***** Excerpted records *****

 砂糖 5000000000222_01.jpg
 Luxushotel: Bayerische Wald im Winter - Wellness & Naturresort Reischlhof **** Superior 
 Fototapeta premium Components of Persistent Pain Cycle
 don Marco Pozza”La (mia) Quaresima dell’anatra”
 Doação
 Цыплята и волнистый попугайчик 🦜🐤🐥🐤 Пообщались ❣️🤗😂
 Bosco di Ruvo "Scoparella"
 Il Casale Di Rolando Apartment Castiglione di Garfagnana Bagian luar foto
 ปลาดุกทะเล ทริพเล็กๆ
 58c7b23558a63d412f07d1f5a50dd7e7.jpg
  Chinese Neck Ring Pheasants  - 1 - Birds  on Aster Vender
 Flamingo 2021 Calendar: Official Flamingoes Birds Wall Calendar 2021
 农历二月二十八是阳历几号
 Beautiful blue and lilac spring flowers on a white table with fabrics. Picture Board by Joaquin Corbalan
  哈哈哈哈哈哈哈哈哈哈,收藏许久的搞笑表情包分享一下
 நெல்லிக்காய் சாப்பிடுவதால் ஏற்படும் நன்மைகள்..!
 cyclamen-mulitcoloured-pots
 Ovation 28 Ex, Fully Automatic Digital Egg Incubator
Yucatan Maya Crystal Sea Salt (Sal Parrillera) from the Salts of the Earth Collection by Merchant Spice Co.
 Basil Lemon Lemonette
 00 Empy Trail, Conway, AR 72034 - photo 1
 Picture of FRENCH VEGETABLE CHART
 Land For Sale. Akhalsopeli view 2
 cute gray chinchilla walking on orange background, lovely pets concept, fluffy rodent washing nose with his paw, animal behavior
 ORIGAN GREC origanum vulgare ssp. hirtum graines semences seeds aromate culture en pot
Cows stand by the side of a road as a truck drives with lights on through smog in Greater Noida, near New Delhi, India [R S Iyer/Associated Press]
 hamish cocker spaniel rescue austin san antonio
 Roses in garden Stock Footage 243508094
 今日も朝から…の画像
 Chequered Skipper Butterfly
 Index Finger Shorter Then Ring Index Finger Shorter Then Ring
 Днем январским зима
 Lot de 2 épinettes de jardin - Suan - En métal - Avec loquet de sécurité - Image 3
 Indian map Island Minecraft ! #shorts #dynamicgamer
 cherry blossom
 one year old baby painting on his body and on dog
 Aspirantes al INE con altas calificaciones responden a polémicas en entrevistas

*****

Exercise:
Give again exactly, and only, the lines above starting at the one with "Ovation 28 Ex, Fully" and ending at the one with "Land For Sale. Akhalsopeli view 2".

Response box:
 Ovation 28 Ex, Fully Automatic Digital Egg Incubator
Yucatan Maya Crystal Sea Salt (Sal Parrillera) from the Salts of the Earth Collection by Merchant Spice Co.
 Basil Lemon Lemonette
 00 Empy Trail, Conway, AR 72034 - photo 1
 Picture of FRENCH VEGETABLE CHART
 Land For Sale. Akhalsopeli view 2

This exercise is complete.